Short web captions:
_ _ _ _
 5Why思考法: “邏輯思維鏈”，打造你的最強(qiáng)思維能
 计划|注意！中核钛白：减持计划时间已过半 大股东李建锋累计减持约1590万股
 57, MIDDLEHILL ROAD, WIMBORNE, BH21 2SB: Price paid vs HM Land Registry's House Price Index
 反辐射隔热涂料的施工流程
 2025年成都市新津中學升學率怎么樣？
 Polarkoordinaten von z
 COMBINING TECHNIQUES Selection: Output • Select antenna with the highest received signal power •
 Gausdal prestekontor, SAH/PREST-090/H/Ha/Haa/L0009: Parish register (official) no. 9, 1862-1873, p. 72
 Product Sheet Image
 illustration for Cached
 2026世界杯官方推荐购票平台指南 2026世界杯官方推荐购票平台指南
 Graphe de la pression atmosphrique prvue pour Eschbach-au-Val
_ _ _ _
- **Problem to solve**:
All that is needed is the opening run of the data, given again exactly: please include every line from the first through the line with "Polarkoordinaten von z", both ends kept.

- **Answer below**:
 5Why思考法: “邏輯思維鏈”，打造你的最強(qiáng)思維能
 计划|注意！中核钛白：减持计划时间已过半 大股东李建锋累计减持约1590万股
 57, MIDDLEHILL ROAD, WIMBORNE, BH21 2SB: Price paid vs HM Land Registry's House Price Index
 反辐射隔热涂料的施工流程
 2025年成都市新津中學升學率怎么樣？
 Polarkoordinaten von z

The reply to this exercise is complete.